What you will do:
Reproduce the listing in its entirety. Do not reproduce the pictures.

Dataset excerpt:
---------------

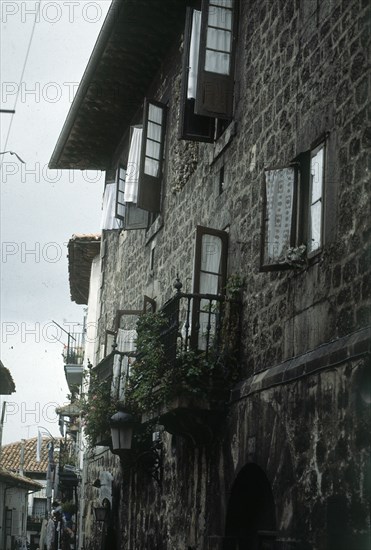 BARRIO MEDIEVAL-FACHADA DE CASONA DE DIEGO CACHO RADA DE LA SIERRA. S XVIII
LAREDO,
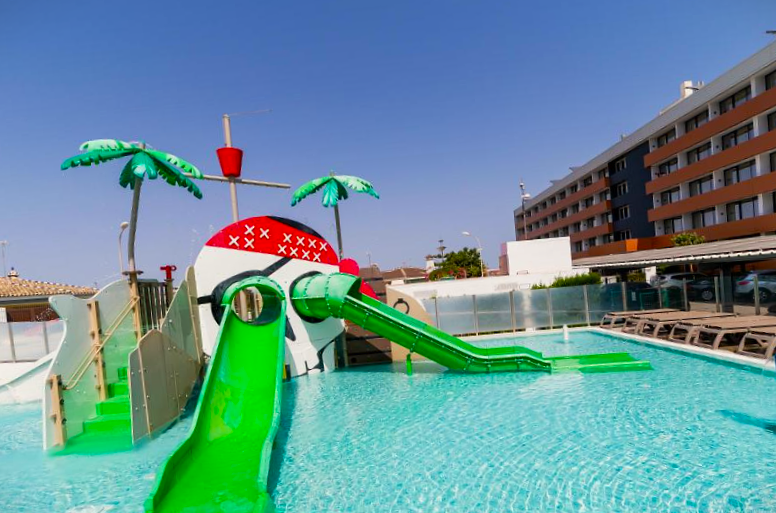 Piscina para niños en Ohtels Carabela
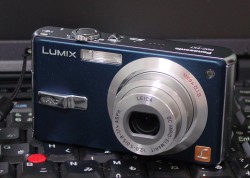 Lumix FX7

---------------

Task response:
 BARRIO MEDIEVAL-FACHADA DE CASONA DE DIEGO CACHO RADA DE LA SIERRA. S XVIII
LAREDO,
 Piscina para niños en Ohtels Carabela
 Lumix FX7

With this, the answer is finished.